Resampling in practice: when should we apply resampling?

  • Resampling should be applied after train-test split, and only on the training data
  • Resampling is only applied to training data, not test data
  • Test data should reflect real-world distribution; resampling test data would give an unrealistic evaluation of model performance

Scikit-learn not support resampling

  • Sklearn doesn’t support resampling in its API; sklearn’s pipelines transform X only and cannot resample y
  • Need to do it manually or use imbalaned-learn extension

Imbalance-Learn

  • Library: http://imbalanced-learn.org
  • To install: pip install -U imbalanced-learn
  • Extends sklearn API with samplers and pipelines

sklearn pipelines (no resampling)

# train/test split
X_train, X_test, y_train, y_test = train_test_split(
    X, y, test_size=0.2, random_state=42, stratify=y
)

# sklearn Pipeline: imputation → normalisation → classifier (no resampling)
sklearn_pipeline = Pipeline([
    ('imputer', SimpleImputer(strategy='median')),
    ('scaler', StandardScaler()),
    ('clf', RandomForestClassifier(n_estimators=100, random_state=42))
])

sklearn_pipeline.fit(X_train, y_train)
y_pred = sklearn_pipeline.predict(X_test)
print(f"Recall (malignant=1): {recall_score(y_test, y_pred, pos_label=1):.4f}")

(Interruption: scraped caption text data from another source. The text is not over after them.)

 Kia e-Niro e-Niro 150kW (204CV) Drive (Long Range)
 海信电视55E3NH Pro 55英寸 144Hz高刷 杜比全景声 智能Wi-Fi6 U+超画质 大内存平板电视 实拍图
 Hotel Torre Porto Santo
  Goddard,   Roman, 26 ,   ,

sklearn pipelines with resampling

  • Sampler only runs during fit, NOT at prediction
  • This is achieved by from imblearn.pipeline import Pipeline
from imblearn.pipeline import Pipeline as ImbPipeline
from imblearn.under_sampling import RandomUnderSampler

# imblearn Pipeline: imputation → normalisation → undersampling → classifier
imb_pipeline = ImbPipeline([
    ('imputer', SimpleImputer(strategy='median')),
    ('scaler', StandardScaler()),
    ('sampler', RandomUnderSampler(random_state=42)),
    ('clf', RandomForestClassifier(n_estimators=100, random_state=42))
])

# Sampler only runs during fit, NOT at prediction time
imb_pipeline.fit(X_train, y_train)
y_pred = imb_pipeline.predict(X_test)
print(f"Recall (malignant=1): {recall_score(y_test, y_pred, pos_label=1):.4f}")

Ensemble resampling

  • Random resampling separately per estimator in ensemble
  • Example: Balanced bagging or balanced random forest
  • Easy with imblearn BalancedBaggingClassifier (sklearn API compatible)

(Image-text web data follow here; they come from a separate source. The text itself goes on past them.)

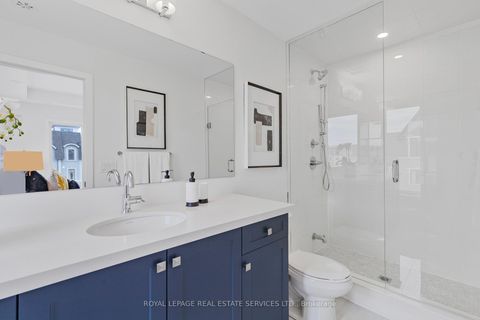 Photo 25 at 16 Jessica Antonella Street, Angus Glen, Markham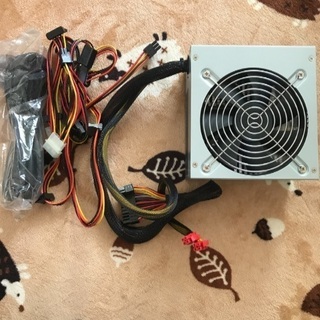 パソコン用の電源です。
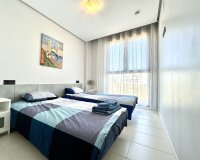 Resale - Apartment - Orihuela Costa - Villamartin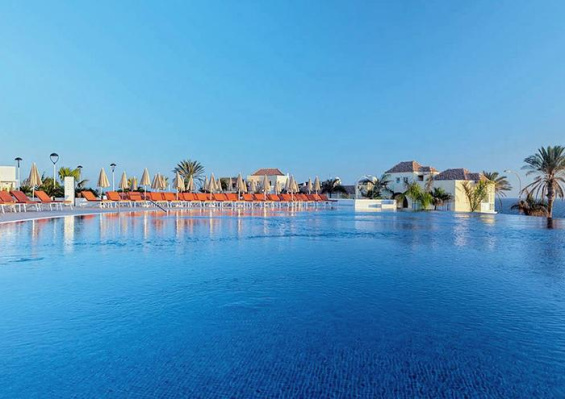 Hôtel H10 Atlantic Sunset 5* Hôtel H10 Atlantic Sunset 5*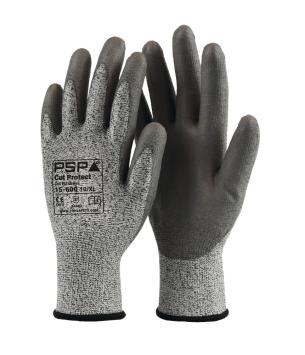 PSP 15-600 Cut protect D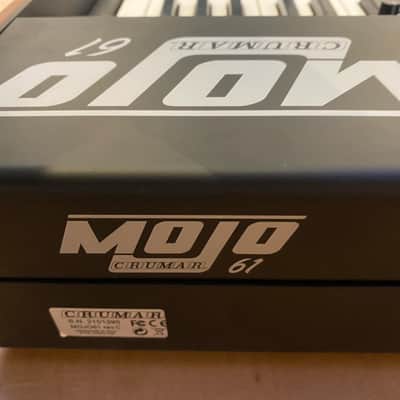 Crumar mojo 61 image 1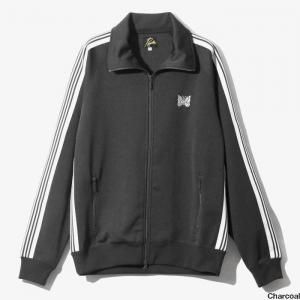 <img class='new_mark_img1' src='https://img.shop-pro.jp/img/new/icons50.gif' style='border:none;display:inline;margin:0px;padding:0px;width:auto;' />NEEDLES ˡɥ륺 Track Jacket - Poly Smooth SX404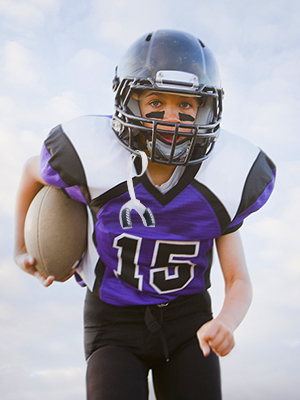 youth mouth guard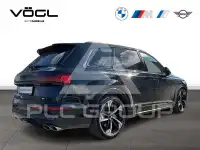 2022 Audi SQ7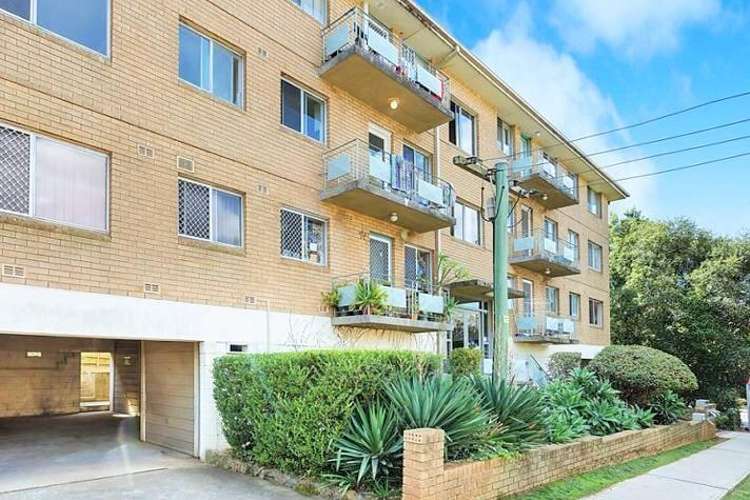 Second view of Homely apartment listing, 5/3 Pitt Street, Parramatta NSW 2150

Easy Ensemble with imblearn

  • Bag of Boosted Learners; by default using AdaBoostClassifier as base estimator
  • Trains each tree on a different under-sampled dataset
  • As cheap as undersampling, but much more powerful than undersampling alone, as it prevents overfitting
from imblearn.ensemble import EasyEnsembleClassifier

ee = EasyEnsembleClassifier(n_estimators=10, random_state=42)
ee.fit(X_train, y_train)

y_pred = ee.predict(X_test)

Summary

  • Imbalanced classification is common; accuracy is often misleading
  • Methods for handling imbalance: adjust metrics, thresholds, class weights, resample data
  • Resampling should only be applied to training data, not test data
  • SMOTE and Ensemble resampling are more powerful than random undersampling or oversampling.